As always before an opener, I couldn’t sleep. I kept tossing and turning, anticipating the alarm to go off. It’s a different sensation than waking up for work. I don’t know quite how to explain it but I’m sure every hunter reading this knows what I mean. By the time the clock did go off I was already wore out from lack of sleep. Man, I didn’t want to get up and I questioned my sanity once again. I reasoned with myself that the location was close and that I didn’t have a two-hour drive to dread going or coming back. I got myself together, ate breakfast and took off.
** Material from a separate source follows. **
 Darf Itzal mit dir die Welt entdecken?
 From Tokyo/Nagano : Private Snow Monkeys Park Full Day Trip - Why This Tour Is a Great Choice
After the “long” 10-minute ride, I arrived and loaded my golf cart; placed my vest in the bed and my shotgun on the gun rack. I made my way to the end of an old logging road. There, in the pink light of predawn. I followed the trail I had made during deer season to a high ridge. I wanted to be on the highest place possible to call and listen for a response. Along the way I could hear barred owls calling with the cadence of, “WHO COOKS FOR YOU, WHO COOKS FOR YOU ALL!” I really love all types of raptors, but owls are by far my favorite. Of them, the barred owl means the most because it’s such a part of turkey season each year. They are so vocal in the woods at this time of year.
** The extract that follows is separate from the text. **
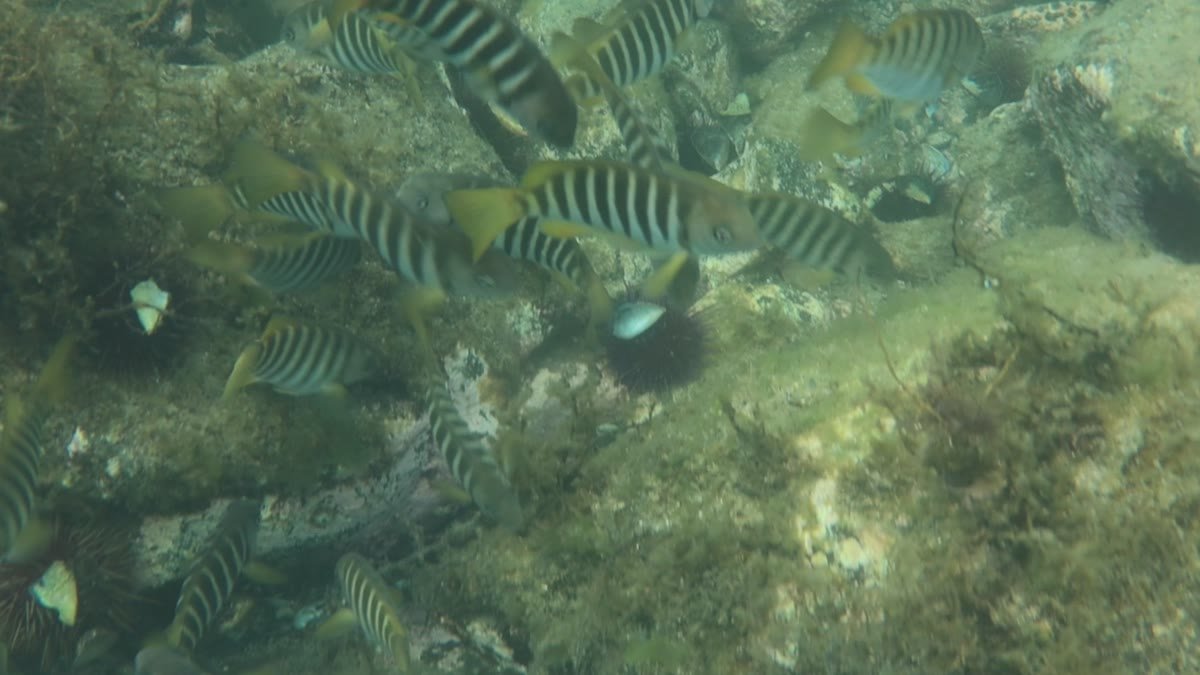 Zebrafish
As I stood still and listened, one owl would call and then another that seemed so far away would answer. This went on for several minutes. Another one even closer chimed in and the whole woods woke up. I could hear the first birds, and in the chill of early morning I was thankful to be alive and have the opportunity just to be here witnessing it all. I looked up between the branches of the bare oak tree I was standing near and said a thoughtful prayer of thanks.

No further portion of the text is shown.